Hello cerebrate-ga,
Performance of internal buses is dependent on many factors, such as
latency within a chipset, depth and implementation of buffers, size of
data transfers, maximum concurrent transfers, etc. For these reasons,
the only way to know for sure what sort of performance your
application will see is to benchmark specific configurations. With
that in mind, I can give you an idea of what maximum transfer rates
you might see are.
Here I omit a discussion of the ISA bus. It is similar enough to PCI
that conclusions can be drawn based on the trends seen in my treatment
of the PCI bus. Further, ISA devices are rarely if ever used where
performance is a concern, and an ISA slot has not been standard on
most motherboards for several years.
A standard PCI bus runs at 33 MHz and transfers 32 bits of data on the
rising edge of each clock pulse. This gives a maximum theoretical
burst transfer rate of approximately 125MiB/sec. However, there is
overhead on each command which will lower the overall data rate,
depending on the ratio of commands to data transferred. In the
general case, the performance of the PCI bus cannot be determined
except by direct measurement. However, I suspect you are primarily
concerned with the performance of a single device in the absence of
other PCI devices, or in the presence of devices making a minimum of
PCI bus transfers. In real-world tests on a single active PCI device,
you can expect a maximum of approximately 110MiB/s. See for example
StorageReview.com's review of the Adaptec 2400A RAID controller at
http://www.storagereview.com/articles/200107/200107037410_2.html.
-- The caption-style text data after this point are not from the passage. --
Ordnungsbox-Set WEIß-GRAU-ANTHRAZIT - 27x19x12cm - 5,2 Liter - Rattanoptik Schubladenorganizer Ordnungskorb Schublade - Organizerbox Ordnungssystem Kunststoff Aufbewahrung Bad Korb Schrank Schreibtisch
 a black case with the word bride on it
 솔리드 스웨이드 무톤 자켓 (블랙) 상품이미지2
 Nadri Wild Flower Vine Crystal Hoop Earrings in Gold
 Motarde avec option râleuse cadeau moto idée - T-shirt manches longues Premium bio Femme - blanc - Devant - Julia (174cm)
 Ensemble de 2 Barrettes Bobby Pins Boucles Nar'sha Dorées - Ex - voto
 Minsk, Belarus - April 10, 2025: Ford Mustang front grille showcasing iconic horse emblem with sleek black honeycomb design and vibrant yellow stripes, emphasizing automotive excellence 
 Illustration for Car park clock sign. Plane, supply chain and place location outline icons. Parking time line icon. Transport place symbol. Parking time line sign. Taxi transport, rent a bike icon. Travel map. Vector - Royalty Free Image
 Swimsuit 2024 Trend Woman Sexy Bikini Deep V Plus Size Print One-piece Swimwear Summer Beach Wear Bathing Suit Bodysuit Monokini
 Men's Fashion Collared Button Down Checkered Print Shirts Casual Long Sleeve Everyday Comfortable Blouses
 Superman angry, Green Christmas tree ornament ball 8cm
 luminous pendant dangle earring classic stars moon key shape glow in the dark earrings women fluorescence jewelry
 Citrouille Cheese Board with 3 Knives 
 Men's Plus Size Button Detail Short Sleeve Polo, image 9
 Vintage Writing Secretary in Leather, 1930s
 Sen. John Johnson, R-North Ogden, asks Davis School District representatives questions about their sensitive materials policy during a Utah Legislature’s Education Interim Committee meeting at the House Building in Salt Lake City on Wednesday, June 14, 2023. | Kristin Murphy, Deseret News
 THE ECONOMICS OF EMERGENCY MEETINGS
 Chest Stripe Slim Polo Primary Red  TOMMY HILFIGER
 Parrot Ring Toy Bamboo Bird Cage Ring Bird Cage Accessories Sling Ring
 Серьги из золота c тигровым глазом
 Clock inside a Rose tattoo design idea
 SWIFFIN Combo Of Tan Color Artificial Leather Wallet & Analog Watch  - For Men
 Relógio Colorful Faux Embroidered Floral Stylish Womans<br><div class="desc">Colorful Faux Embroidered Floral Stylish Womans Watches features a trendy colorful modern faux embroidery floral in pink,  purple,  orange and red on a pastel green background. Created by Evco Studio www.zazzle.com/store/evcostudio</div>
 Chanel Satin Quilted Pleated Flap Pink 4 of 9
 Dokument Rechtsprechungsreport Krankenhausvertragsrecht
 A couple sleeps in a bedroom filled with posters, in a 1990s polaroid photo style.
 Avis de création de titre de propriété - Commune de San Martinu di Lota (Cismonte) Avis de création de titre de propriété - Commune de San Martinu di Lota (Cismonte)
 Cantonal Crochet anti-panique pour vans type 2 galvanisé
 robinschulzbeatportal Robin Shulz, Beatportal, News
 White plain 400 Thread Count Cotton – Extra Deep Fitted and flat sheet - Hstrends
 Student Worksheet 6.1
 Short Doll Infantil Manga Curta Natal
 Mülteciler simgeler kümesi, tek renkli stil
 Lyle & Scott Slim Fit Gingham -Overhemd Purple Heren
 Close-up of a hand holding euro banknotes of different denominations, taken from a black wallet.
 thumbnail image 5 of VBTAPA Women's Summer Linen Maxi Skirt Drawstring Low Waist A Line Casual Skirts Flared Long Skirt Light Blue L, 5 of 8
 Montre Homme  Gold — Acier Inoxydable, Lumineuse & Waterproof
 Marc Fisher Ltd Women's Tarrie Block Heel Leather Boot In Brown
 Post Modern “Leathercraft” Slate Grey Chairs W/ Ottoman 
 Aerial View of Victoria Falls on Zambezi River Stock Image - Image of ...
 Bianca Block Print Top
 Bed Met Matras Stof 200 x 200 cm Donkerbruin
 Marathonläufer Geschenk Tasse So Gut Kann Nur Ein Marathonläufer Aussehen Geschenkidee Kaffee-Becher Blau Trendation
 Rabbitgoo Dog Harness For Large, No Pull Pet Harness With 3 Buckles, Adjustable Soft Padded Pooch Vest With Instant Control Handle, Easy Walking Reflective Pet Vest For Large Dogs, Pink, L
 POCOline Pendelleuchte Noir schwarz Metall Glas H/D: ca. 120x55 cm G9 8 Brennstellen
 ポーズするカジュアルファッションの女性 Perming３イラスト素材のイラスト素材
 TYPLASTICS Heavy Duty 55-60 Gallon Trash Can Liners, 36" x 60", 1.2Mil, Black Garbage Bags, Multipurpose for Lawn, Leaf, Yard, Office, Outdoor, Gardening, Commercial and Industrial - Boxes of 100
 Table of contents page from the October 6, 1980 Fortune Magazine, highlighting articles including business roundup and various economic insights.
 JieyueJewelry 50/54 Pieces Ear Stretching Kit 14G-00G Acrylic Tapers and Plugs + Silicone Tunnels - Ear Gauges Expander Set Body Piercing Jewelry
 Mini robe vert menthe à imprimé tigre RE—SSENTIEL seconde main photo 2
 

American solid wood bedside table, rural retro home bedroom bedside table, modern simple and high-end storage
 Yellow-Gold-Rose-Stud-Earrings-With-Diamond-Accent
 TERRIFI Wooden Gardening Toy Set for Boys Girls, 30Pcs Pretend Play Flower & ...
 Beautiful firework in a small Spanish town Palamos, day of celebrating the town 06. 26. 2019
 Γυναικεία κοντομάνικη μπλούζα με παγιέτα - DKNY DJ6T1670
Scroll down to the Disk/Read Transfer Rate line under the table
labeled RAID 0 with 4 Drives.
64 bit, 33MHz; 32 bit, 66 MHz; 64 bit, 66 MHz, and PCI-X (64 bit, 100
or 133 MHz) all have a higher theoretical peak burst speed but will
show similar efficiency (220 440MiB/sec) if other factors are held
constant. When dealing with these faster and wider PCI buses, it is
important to keep in mind that it becomes more difficult for a single
device to saturate the bus. This means that either the device in
question becomes the bottleneck, or that you must consider multiple
devices operating concurrently in order to bump up against the PCI
bus' limitations. In either case, it becomes increasingly difficult
to provide meaningful data from the point of view of the PCI bus
itself.
AGP, which stands for Accelerated Graphics Port, is not a bus at all,
but rather a port. The difference is that a bus allows multiple
devices to share available bandwidth, whereas a port is a
point-to-point connection between two devices, typically a graphics
card and the chipset. AGP video cards are extremely well-engineered
to eke the maximum performance out of the port, and with few
exceptions are extremely close to the theoretical value. For hard
numbers, including the effect of Sideband Addressing (SBA), see this
page at Reactor Critical:
http://www.reactorcritical.com/review-geforce2gts/review-geforce2gts_4.shtml.
The amount of bandwidth consumed by different devices would depend on
the device in question. 10Mbit ethernet cards will transfer
approximately 1.25MiB/sec. 100Mbit cards will transfer about 12.5
MiB/sec. Gigabit cards about 125MiB/sec (though at this speed, few
cards can achieve over about 800Mbit, even in a 64-bit PCI slot).
Video cards can utilize nearly all the AGP bandwidth provided, but the
specific utilization would depend on the size and number of textures
being transferred, and the number of polygons in each frame being
displayed. A high-end card such as the Radeon 9700 still will not use
much bandwidth if it is displaying a simple spinning cube, for
example.
Sound cards do not transfer much data at all. CD quality sound at
44.1khz with 32-bit samples requires a fraction of a megabyte per
second. Sound cards though are making 44,100 PCI bus transfers every
second, and so are extremely sensitive to PCI bus latency, rather than
bandwidth.
If you require links to more sites with supporting documentation or
quotations, please request a follow-up.